General manager Jerry Dipoto retooled 90 percent of last year’s roster, and most all of the familiar faces have been traded or released. Gone from the roster are James Paxton, Robinson Cano, Nelson Cruz, Jean Segura and All-Star closer, Edwin Diaz. That is a lot of baseball talent playing elsewhere this season. How then are fans expected to get behind this team? “It’s a step backward in our journey for greatness,” we’re told. What the hell does that mean?
I guess the lack of success calls for drastic measures apparently. But did every watchable player need to disappear? Give the fans at least a little something to watch while this experiment unfolds. Good luck selling tickets this year. This could be a truly embarrassing season attendance-wise. A rainy Tuesday night in June when this no-name team is already smelling Houston’s dust doesn’t really translate into big crowds. That is a lot of bobblehead dolls to sell to fill seats.

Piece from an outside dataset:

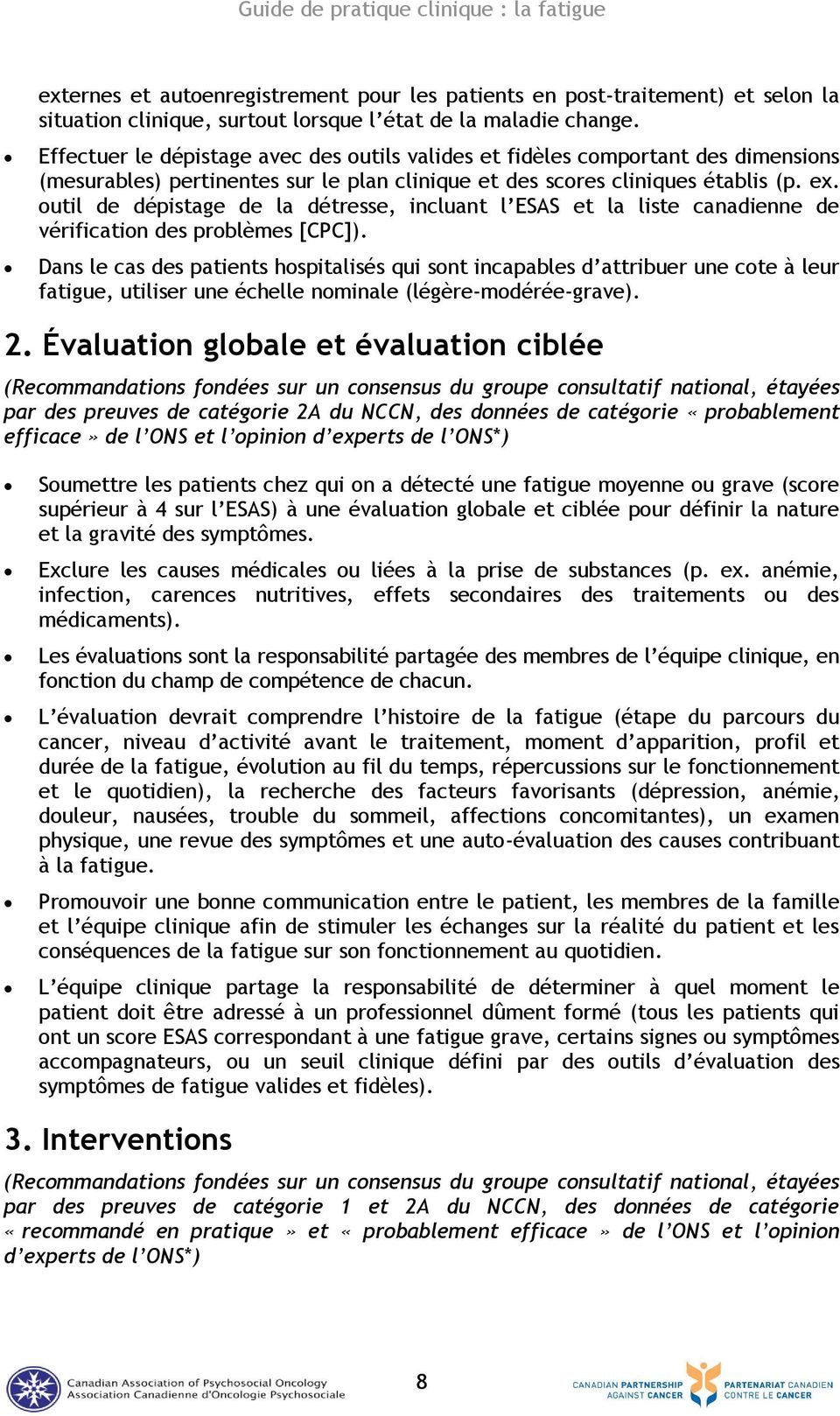 outil de dépistage de la détresse, incluant l ESAS et la liste canadienne de vérification des problèmes [CPC]).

If you listen to the team, fans should be excited about the new and improved bodies that Felix Hernandez, Dee Gordon, and Kyle Seager bring to Arizona for the preseason. Haven’t we heard that before? They’re eating better, lost weight, gained muscle, and are actually healthy. This will finally be their season. Really?
Seager and Hernandez are coming off their worst seasons ever. Hernandez had an 8-14 record with a 5.55 earned run average and got demoted to the bullpen midseason. He is just 24-27 over the past three seasons as fans have watched him steadily decline from his all-star status when he earned the nickname The King. For the second straight spring training he arrived “in the best shape of [his]career.” Having traded most all of the starting pitching talent from last season, the M’s are forced to roll out a 32-year-old pitcher and his $27 million contract. Does that get you pumped?

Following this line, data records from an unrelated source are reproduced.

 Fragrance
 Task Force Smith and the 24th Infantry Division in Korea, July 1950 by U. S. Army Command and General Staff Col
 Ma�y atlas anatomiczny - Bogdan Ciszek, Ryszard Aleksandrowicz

Kyle Seager would have been benched by most teams last season as he continued his downward career spiral. He had a .221 average with 22 home runs and a .273 on-base percentage, by far the worst season of his career. He battled toe and back issues all season and was a liability on defense with 14 errors (50 in the last three seasons).
After an offseason of eating right, losing weight, and gaining muscle, Seager is now supposed to excite us as the starting 3rd basemen again? I think his $19 million salary has more to do with his spot in the lineup than his new body. Fans have been waiting to witness a breakout season and to see him live up to expectations. At 31 and in a three-season statistical decline, Seager is virtually doomed.
Dee Gordon was Mr. Utility in 2018, bouncing around second base, center field, and even shortstop. We’re now told his decline was due to feet and toe issues that never healed during the season. He couldn’t run properly, and it affected his fielding and especially his swing at the plate. He had a career-low season, batting .268 with a .288 OBP and stealing just 30 bases.
Do you see the pattern here? It just doesn’t generate much room for enthusiasm.
If those three can indeed stay healthy and drastically improve their poor performances from last year, there may be a glimmer of hope, however. There are tons of question marks about most all the young players making up this year’s roster. But hopes are high for the likes of Mitch Haniger, pitcher Marco Gonzales, and the team’s no. 1 prospect, Justus Sheffield.
The optimist in me hopes this “retooling” year will generate some flashes of excitement. But the pessimist in me is so jaded from the past 18 years of getting kicked in the stomach repeatedly, that everything points to a very unfulfilling season. AGAIN.